This was an ideal opportunity for New Yorkers to catch two of New Jersey’s best power-pop bands, Bastards of Melody and The Successful Failures, for the price of one. I last saw them play together in July 2010 at Buddie’s Tavern, a relaxed, unassuming watering hole on a nondescript side street in Parlin, NJ, the old stomping grounds of Jon Bon Jovi. But with The Rock Shop’s more formidable sound system, not to mention an actual stage to play on, this show was even more of a boisterous, booming blast.

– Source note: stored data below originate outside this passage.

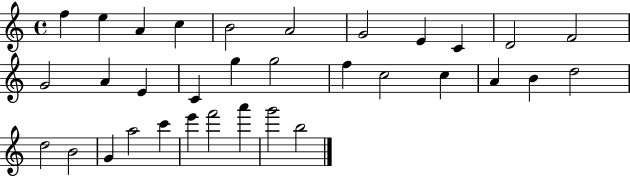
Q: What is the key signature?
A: C major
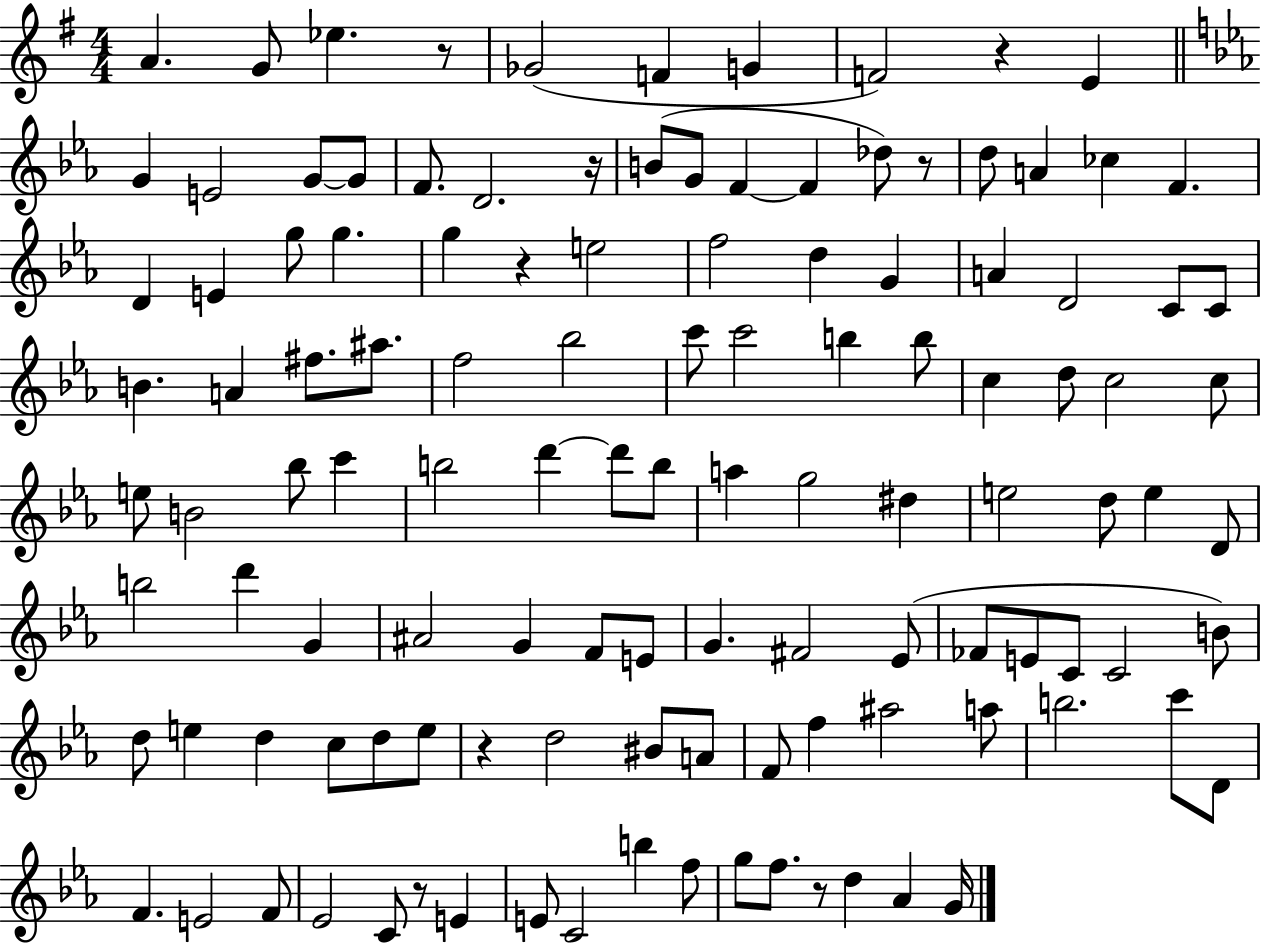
A4/q. G4/e Eb5/q. R/e Gb4/h F4/q G4/q F4/h R/q E4/q G4/q E4/h G4/e G4/e F4/e. D4/h. R/s B4/e G4/e F4/q F4/q Db5/e R/e D5/e A4/q CES5/q F4/q. D4/q E4/q G5/e G5/q. G5/q R/q E5/h F5/h D5/q G4/q A4/q D4/h C4/e C4/e B4/q. A4/q F#5/e. A#5/e. F5/h Bb5/h C6/e C6/h B5/q B5/e C5/q D5/e C5/h C5/e E5/e B4/h Bb5/e C6/q B5/h D6/q D6/e B5/e A5/q G5/h D#5/q E5/h D5/e E5/q D4/e B5/h D6/q G4/q A#4/h G4/q F4/e E4/e G4/q. F#4/h Eb4/e FES4/e E4/e C4/e C4/h B4/e D5/e E5/q D5/q C5/e D5/e E5/e R/q D5/h BIS4/e A4/e F4/e F5/q A#5/h A5/e B5/h. C6/e D4/e F4/q. E4/h F4/e Eb4/h C4/e R/e E4/q E4/e C4/h B5/q F5/e G5/e F5/e. R/e D5/q Ab4/q G4/s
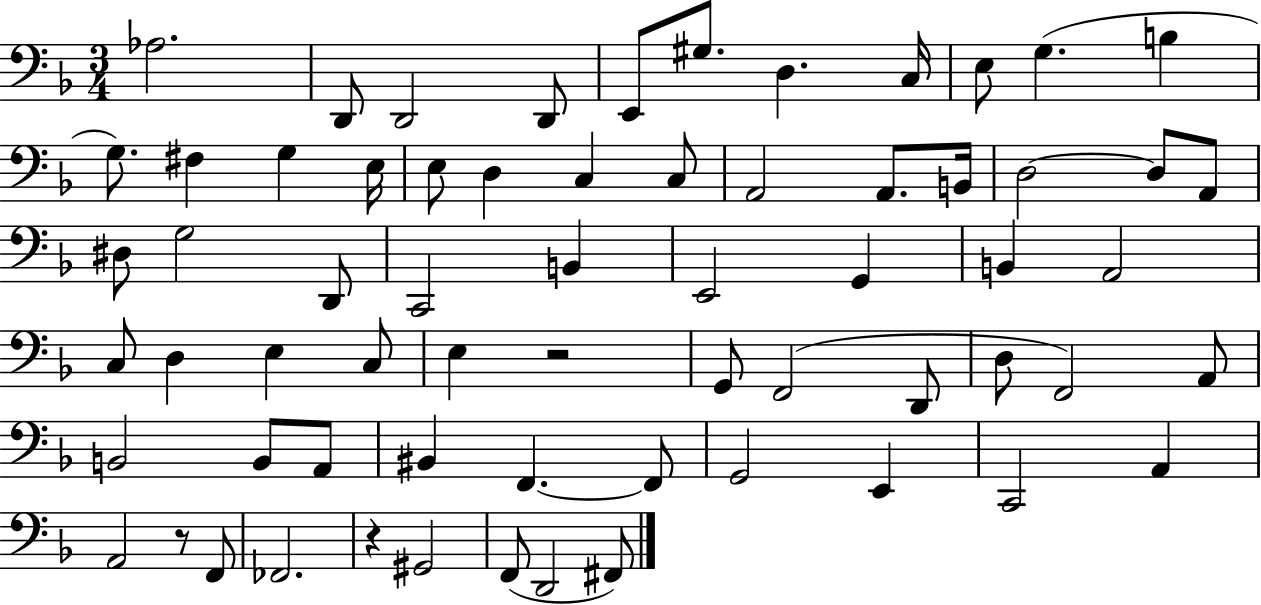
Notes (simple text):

Ab3/h. D2/e D2/h D2/e E2/e G#3/e. D3/q. C3/s E3/e G3/q. B3/q G3/e. F#3/q G3/q E3/s E3/e D3/q C3/q C3/e A2/h A2/e. B2/s D3/h D3/e A2/e D#3/e G3/h D2/e C2/h B2/q E2/h G2/q B2/q A2/h C3/e D3/q E3/q C3/e E3/q R/h G2/e F2/h D2/e D3/e F2/h A2/e B2/h B2/e A2/e BIS2/q F2/q. F2/e G2/h E2/q C2/h A2/q A2/h R/e F2/e FES2/h. R/q G#2/h F2/e D2/h F#2/e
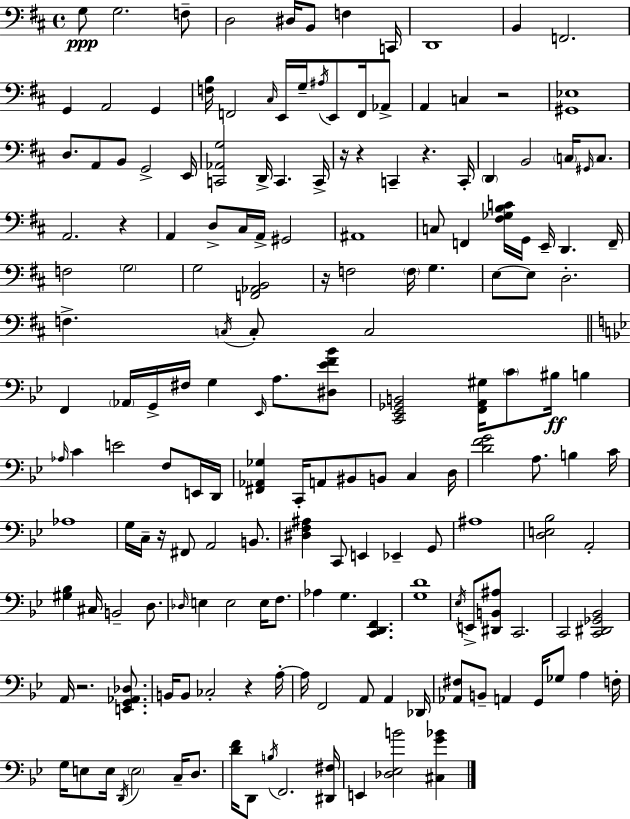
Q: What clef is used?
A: bass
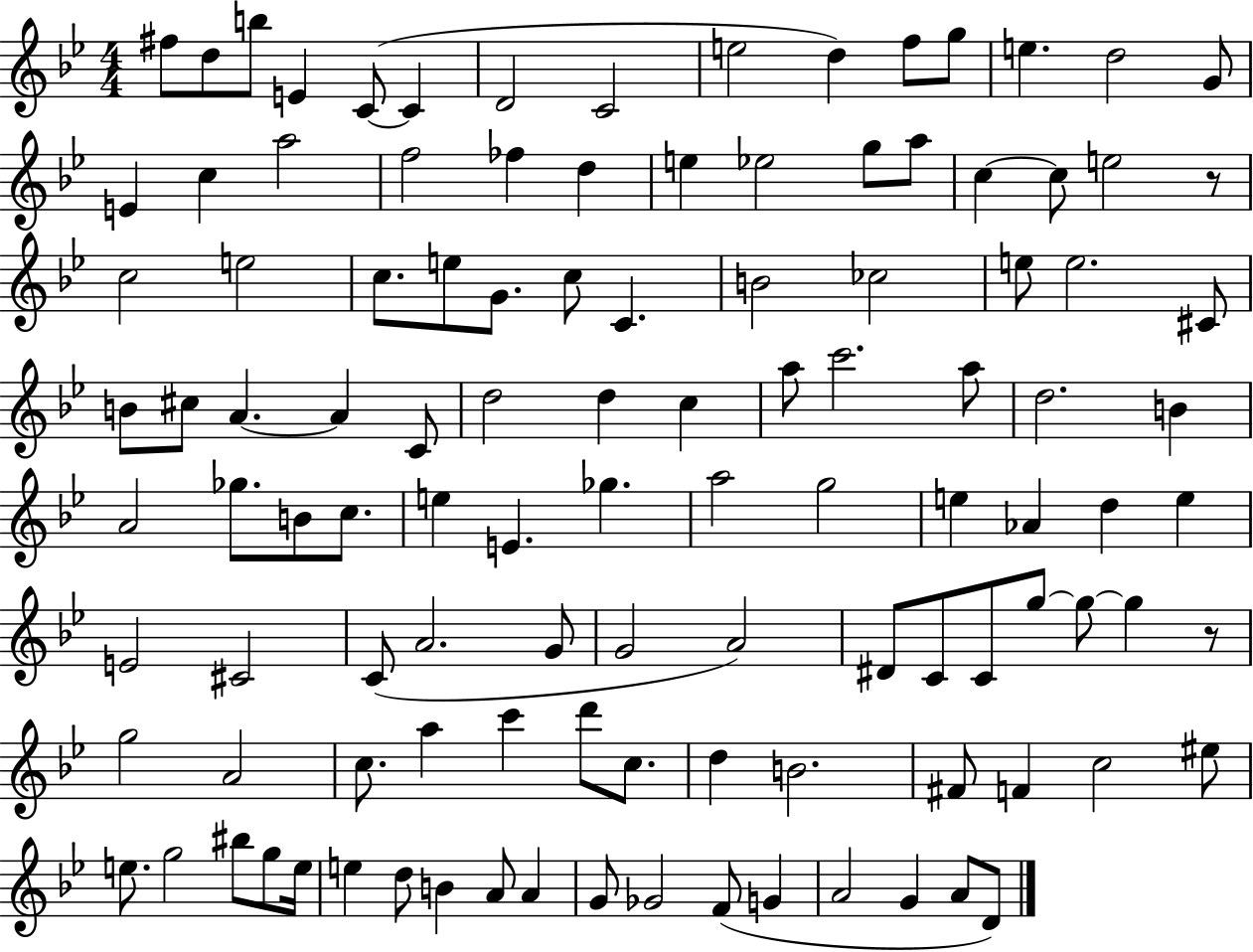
X:1
T:Untitled
M:4/4
L:1/4
K:Bb
^f/2 d/2 b/2 E C/2 C D2 C2 e2 d f/2 g/2 e d2 G/2 E c a2 f2 _f d e _e2 g/2 a/2 c c/2 e2 z/2 c2 e2 c/2 e/2 G/2 c/2 C B2 _c2 e/2 e2 ^C/2 B/2 ^c/2 A A C/2 d2 d c a/2 c'2 a/2 d2 B A2 _g/2 B/2 c/2 e E _g a2 g2 e _A d e E2 ^C2 C/2 A2 G/2 G2 A2 ^D/2 C/2 C/2 g/2 g/2 g z/2 g2 A2 c/2 a c' d'/2 c/2 d B2 ^F/2 F c2 ^e/2 e/2 g2 ^b/2 g/2 e/4 e d/2 B A/2 A G/2 _G2 F/2 G A2 G A/2 D/2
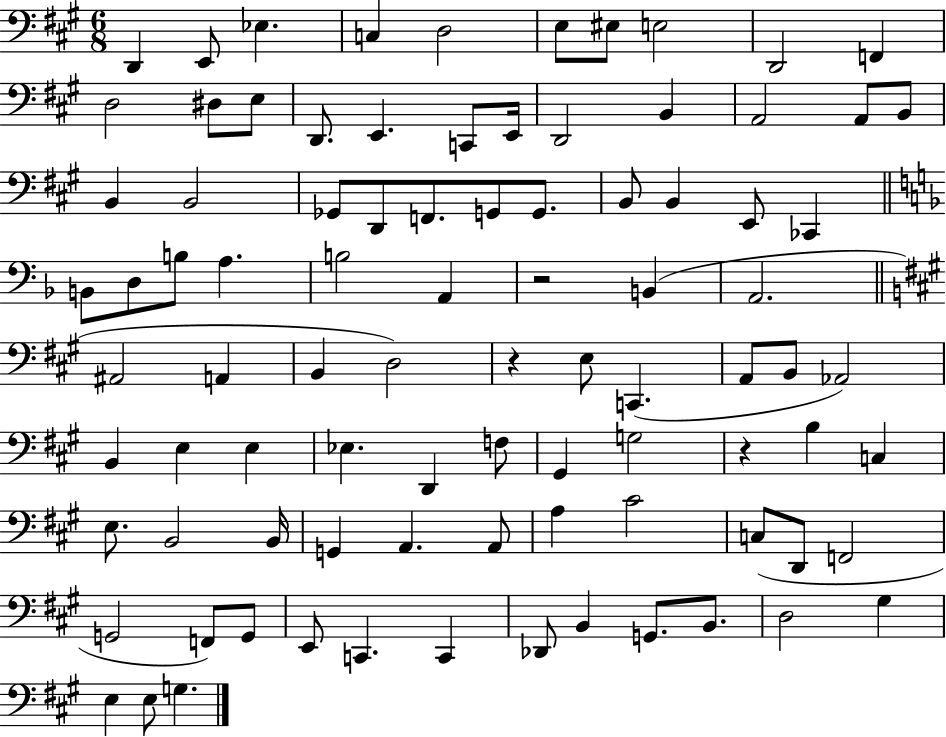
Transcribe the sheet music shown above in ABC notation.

X:1
T:Untitled
M:6/8
L:1/4
K:A
D,, E,,/2 _E, C, D,2 E,/2 ^E,/2 E,2 D,,2 F,, D,2 ^D,/2 E,/2 D,,/2 E,, C,,/2 E,,/4 D,,2 B,, A,,2 A,,/2 B,,/2 B,, B,,2 _G,,/2 D,,/2 F,,/2 G,,/2 G,,/2 B,,/2 B,, E,,/2 _C,, B,,/2 D,/2 B,/2 A, B,2 A,, z2 B,, A,,2 ^A,,2 A,, B,, D,2 z E,/2 C,, A,,/2 B,,/2 _A,,2 B,, E, E, _E, D,, F,/2 ^G,, G,2 z B, C, E,/2 B,,2 B,,/4 G,, A,, A,,/2 A, ^C2 C,/2 D,,/2 F,,2 G,,2 F,,/2 G,,/2 E,,/2 C,, C,, _D,,/2 B,, G,,/2 B,,/2 D,2 ^G, E, E,/2 G,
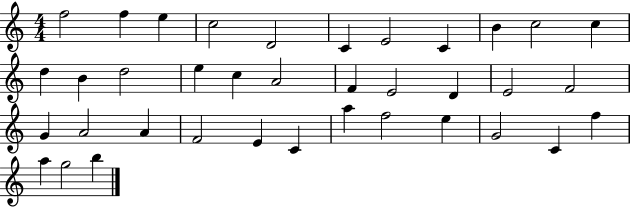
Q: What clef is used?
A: treble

Bastards of Melody: Paul Crane & Scott Treude
Bastards of Melody: Ed Winnick & Paul Gil
Since that Buddie’s show, I’ve seen the Bastards play two more times (at Boerum Hill, Brooklyn’s throwback corner bar Hank’s Saloon in March 2011, and at Rock Shop a month later), so I knew what to expect. Still, the trio’s invigorating, melodic onslaught and unrestrained abandon seemed a notch higher on this night, doubling in intensity when longtime CT/NYC punk scene guitarist Ed Winnick (previously in S.V.O.E., Gunk, Onion, and Klimpter) joined midway through their set. They mostly tore through their newest fourth LP, 2010’s Hurry Up and Wait, with piledriving stompers like “Cut & Paste” and “Unproductive” melding nicely with occasional older numbers “Ball & Chain” (from 2003’s Break Up) and “Joanie Don’t Be Reckless with My Heart” (from 2001’s Fun Machine). And of course, the band proudly displayed its Jersey roots with Hurry Up’s poignant “Exit 10,” referencing the NJ Turnpike off-ramp number for I-287N (I know it well, having used it often when I lived in Edison from 1991-93!).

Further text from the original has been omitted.